In the foreground, the summit of Calvary is
depicted as a dark and fertile meadow: harebells, gentians
and daisies grow
among the grass and ferns. But the distant view beyond and below the Green Hill
is what draws the eye: across all three lights – the narrow tall central light
and the wider lower outer lights – Kempe’s chief draughtsman, John Lisle,
has produced an extraordinary fantasy roofscape: a medieval city of
cloud-capped towers, streaming pennants, bartizans, pantiles and buttressed
walls. Some of the spires are topped with crosses, yet on the road down from
Calvary towards the gateway into Jerusalem, Roman soldiers stand and chat at
the city’s gatehouse, where the portcullis is raised.
Anachronism, even historical and cultural
confusion on this heroic scale, has always been a feature of stained glass
representation of biblical events. What is so arresting here, however, is the
dramatic and exclusive use of silver staining
for the whole composition of the distant city: black and white, silver and
grey, ochre and umber, lemon and gold – these are the colours characteristically
created by silver staining. And indeed they dominate the entire window and unify
the whole design: the cross is silver stained, so are the great wedges hammered
into the ground at its base. So, too, the capacious cloaks worn by Mary and
John, and likewise the architectural framework of each light, where pairs of
rather mannered classical columns support round-headed arches topped by chubby cherubs,
from whose necks green foliate swags loop down to either side of the arches.
Extensive and exquisite use of silver
staining is an absolute hallmark of Kempe glass, both sacred and secular - see
for instance the panel originally made for Kempe’s own home, Old
Place, Lindfield (not far from Wakehurst) - but now at the National Trust’s
Wightwick Manor
near Wolverhampton . But I can point to no other window that employs silver
staining with such bizarre bravura as at Wakehurst.

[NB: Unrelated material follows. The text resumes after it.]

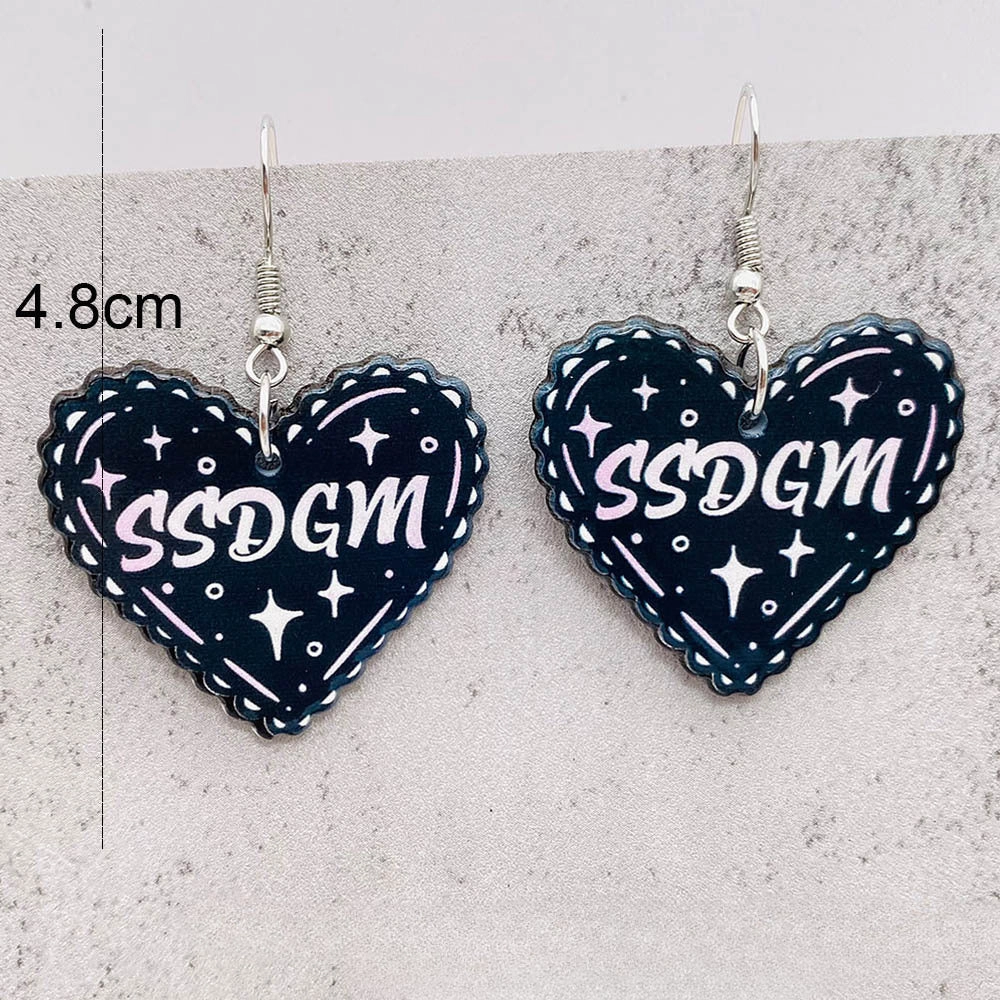 Wholesale Heart Skull Acrylic Earrings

To judge the strangeness of this window,
compare it with a window
in Rendcomb
Church, Gloucestershire. This, dating from a little earlier (1895), depicts
the Supper at Emmaus, on the evening of the Resurrection. Again the roofs and
towers of Jerusalem form a backdrop to the scene, but this time our viewpoint
is not looking up to the face of Christ and then to the top of the cross and
the bowed head of the dying Christ; now we are looking at him at eye-level
across the table. So we look down onto the rather crudely drawn cottage loaf,
from which Jesus has pulled the top-knot in the act of breaking bread. (We’ll
overlook the fact that the bread should have been unleavened.) In the distance,
blue-grey Jerusalem is silhouetted against the hills in the background: no
silver staining there. And the whole
scene is framed by a kind of pergola supporting a vine dripping with huge
pendulous bunches of grapes. One has only to contrast the range of colours in
the Rendcomb window with the austerity of the Wakehurst palette, to see how
striking this endangered window is.
It’s endangered because the architectural
consultants who are advising the National Trust on what to do about Wakehurst
Place want to take the Kempe windows out of the Chapel, so that the space can
be (dread word!) ‘re-purposed’. They don’t like the fact that below the stained
glass, the lower part of the three-light window has been blanked out with a
stone infill, which, from the outside, looks rather clumsy. This was hardly
Kempe’s fault: I assume that the infilling had been done originally to
accommodate a tall reredos behind the altar and that the window, when designed
by the Kempe Studio, was intended to come to the top of the reredos, and no
lower. The reredos has disappeared, of course, along with everything else that
once gave the Chapel meaning – except the stained glass. So to remove the glass
would be absolutely the wrong thing to do. It should stay.
Adrian Barlow
[illustrations: (i and ii) East window,
Wakehurst Place, Sussex, by the Kempe Studio, 1905; (iii) Annunciation roundel,
formerly at Old Place, Lindfield, and now at Wightwick Manor (courtesy, the
National Trust); (iv) The Supper at Emmaus window, Rendcomb Church,
Gloucestershire, Kempe, 1895. Photographs © the author.